Los durmientes a la intemperie comenzaron a ser parte triste del paisaje capitalino. A veces, de tan cubiertos, y de tan inmóviles se hacía difícil decir donde había gente durmiendo y donde era simple bulto.

Según datos del gobierno de la Ciudad, los centros de atención reciben a más de 3000 personas a quienes dan cobijo. Y de ellas, el 70% tiene problemas de adicciones o patologías psiquiátricas. Han caído y ya no hay quien los contenga.

Ahora bien, la decisión del municipio de prohibir, de ahora en más, a los durmientes callejeros, nuestros “homeless” encendió una polémica que aún perdura. Mientras el gobierno de la ciudad, insiste en que es para “protección de los vecinos”, las voces críticas sostienen que esto es traer más daño al que ya nada tiene, ni siquiera un techo.

Más allá de la polémica citadina, es que uno piensa: ¿cuántos eslabones, o barreras, o pisos, deben perforarse para que uno acabe viviendo en la calle? Es decir, no es que uno de la noche a la mañana, despierta con el humor cambiado, y su familia decide expulsarlo del hogar y que se las arregle. Las cosas van de mal en peor, pero a fuego mínimo, cocción lenta. El descenso al infierno es espiralado.

La multiplicación de durmientes callejeros llegó al punto que, con mis propios ojos, he visto a pocos metros de plaza Constitución una familia entera que no sólo dormía en la calle. Además, tenía mesa, sillas. Y hasta, no sé cómo, tenía su propio televisor encendido. Ya no era un durmiente solitario. Era todo un grupo familiar. Con sus pertenencias a cuestas. Como si, más que un desplazamiento, hubiese venido un huracán y simplemente derrumbando techos y paredes de la casa. Y así quedaban: con todo el mobiliario, pero a la intemperie.

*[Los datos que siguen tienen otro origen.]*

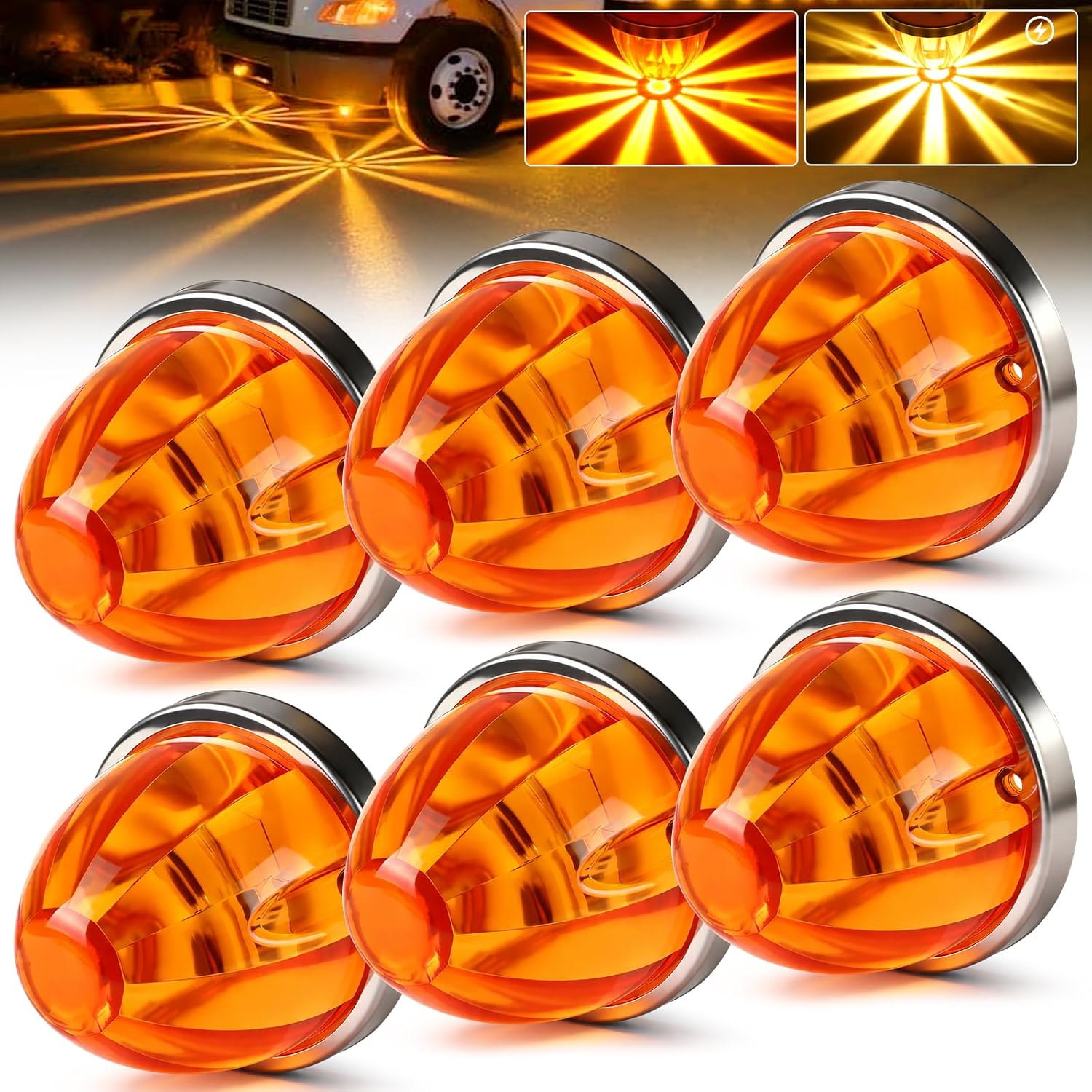 6PCS Amber Watermelon Lights, Strobe & Constant Dual-Function Watermelon Lights for Semi Truck, Waterproof Amber LED Marker with Bezel Replacement for Kenworth Peterbilt Freightliner Trucks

Es cierto: no basta con, ahora en invierno, darles sábanas. Ni comida de tanto en tanto. El que llega a vivir en la calle, necesita recuperar su humanidad. Pues, si uno lo piensa bien, hay en la ciudad más gente en la calle que perros en la calle. La ecuación es un signo de los tiempos. Gente en la calle, sí. Perros, jamás.